-
Couldn't load subscription status.
- Fork 87
Description
Hey team,
I'm looking to submit my attempt at resolving this issue: #1882
I'm opening this as an issue first, because I think the solution may be quite large/with various design decisions which (IMO) non-trivial. Though also happy to start with a large PR (so theres a bird's eye view) and then determine which parts are appropriate/not appropriate.
What (more or less works) -- Updating Docs? Adding a util function?
The docs more or less address how this is achieved here: https://microsoft.github.io/onnxscript/auto_examples/06_plot_model_local_funs.html
example code that works:
import numpy as np
import onnxruntime
import pandas as pd
from onnxscript import FLOAT, script
from onnxscript import opset17 as op
from onnxscript.values import Opset
from skl2onnx import to_onnx
from sklearn.linear_model import LogisticRegression
from sklearn.pipeline import Pipeline
from sklearn.preprocessing import StandardScaler
pandas_dataset = pd.DataFrame(
{
"age": np.random.randint(18, 60, 100),
"height": np.random.rand(100) * 100 + 100,
"weight": np.random.rand(100) * 100 + 40,
}
)
multi_classifier_target = pd.Series(np.random.choice([0, 1, 2, 3], 100))
# Create the pipeline
pipe = Pipeline([("scaler", StandardScaler()), ("linear", LogisticRegression())])

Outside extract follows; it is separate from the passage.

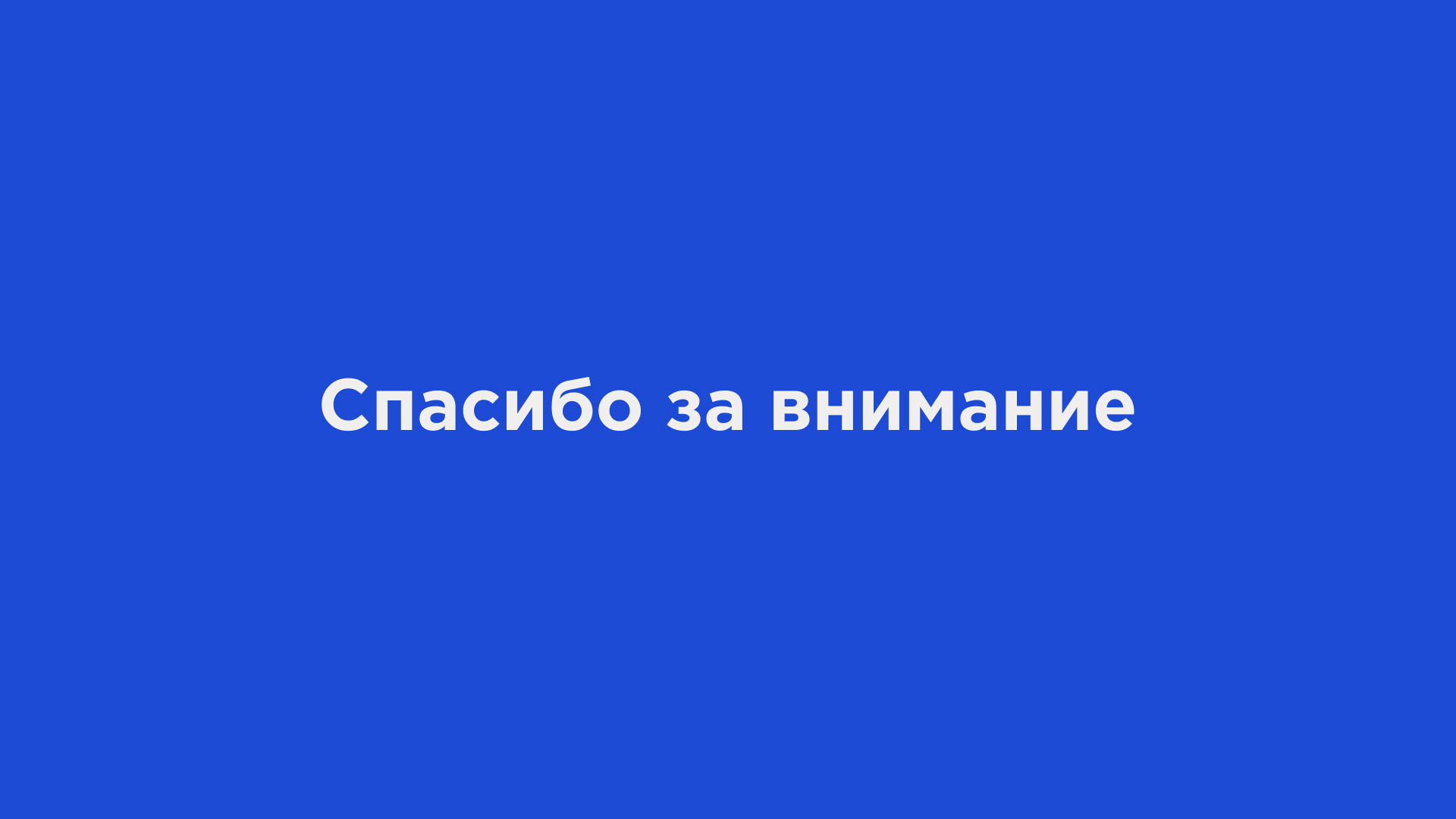 YAI4KO | Brand Identity — Изображение №9 — Брендинг на Dprofile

# Fit the pipeline to the data
pipe.fit(pandas_dataset, multi_classifier_target)
# local = CustomOpset("local", 1) # see below in the next section
local = Opset("local", 1)
X = pandas_dataset.copy()
scaler_step = pipe.steps[0][1]
linear_step = pipe.steps[1][1]
scaler_model = to_onnx(scaler_step, X.values.astype(np.float32), target_opset={"ai.onnx.ml": 2, "": 17})
linear_model = to_onnx(
linear_step, scaler_step.transform(X.values.astype(np.float32)), options={"zipmap": False}, target_opset={"ai.onnx.ml": 2, "": 17}
)
# custom func that convers model proto to function proto -- convert_model_proto_to_function_proto
scaler_function_proto = convert_model_proto_to_function_proto(scaler_model, "local", "scaler")
linear_function_proto = convert_model_proto_to_function_proto(linear_model, "local", "linear")

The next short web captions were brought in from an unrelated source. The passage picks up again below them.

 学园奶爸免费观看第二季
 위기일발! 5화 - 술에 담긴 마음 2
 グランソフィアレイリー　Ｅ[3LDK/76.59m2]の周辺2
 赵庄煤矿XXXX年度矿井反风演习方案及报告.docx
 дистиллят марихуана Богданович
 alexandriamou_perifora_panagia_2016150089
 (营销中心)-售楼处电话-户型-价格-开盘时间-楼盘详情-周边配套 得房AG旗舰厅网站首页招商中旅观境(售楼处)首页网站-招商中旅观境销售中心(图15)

@script(local, default_opset=op)
def sklearn_pipeline(X: FLOAT["N", "D"]) -> FLOAT["N"]: # noqa: F821, D103
# script has limitations like doing loops
X = local.scaler(X)
# outputs are labels, probabilities
_, y = local.linear(X)
return y[:, 1]
model = sklearn_pipeline.to_model_proto(functions=[scaler_function_proto, linear_function_proto])
session = onnxruntime.InferenceSession(model.SerializeToString())
result = session.run(None, {"X": X.values.astype(np.float32)})
print(result)This works!
Q: does convert_model_proto_to_function_proto belong in onnxscript project? And if so where? (onnxscript/utils or onnxscript/contrib?)
It turns out that its slightly non-trivial to convert model proto to function proto if the model proto has initializers, and having a helper function to facilitate this would help users (if/when docs are added)
What doesn't work out of the box
Evaluating it eagerly does not work. This is because the (arbitrary) Function Proto are not 'attached' to the custom Opset.
I'm eager to see how you would like to see this implemented. I tackled this (leaving out lots of code for now):
class CustomOpset(Opset):
def add_model_proto(self, name: str, model_proto: onnx.ModelProto):
# very, very rough code...
function_proto = convert_model_proto_to_function_proto(model_proto, self.domain, name)
# magically create onnxfunction somehow
onnx_function = OnnxFunction(
opset=self,
pyfun=dummy_function,
irfun=ir_builder_function,
source="", # No source available for FunctionProto
kwargs={},
)
# register it
self.function_defs[ir_function.name] = onnx_functionThough perhaps the team has other preference for how this might be implemented (somewhere in evaluator)?
Looking forward to contributing and hearing from the team!
(n.b. waiting for my company to review and sign CLA and then I will put up the relevant code snippets).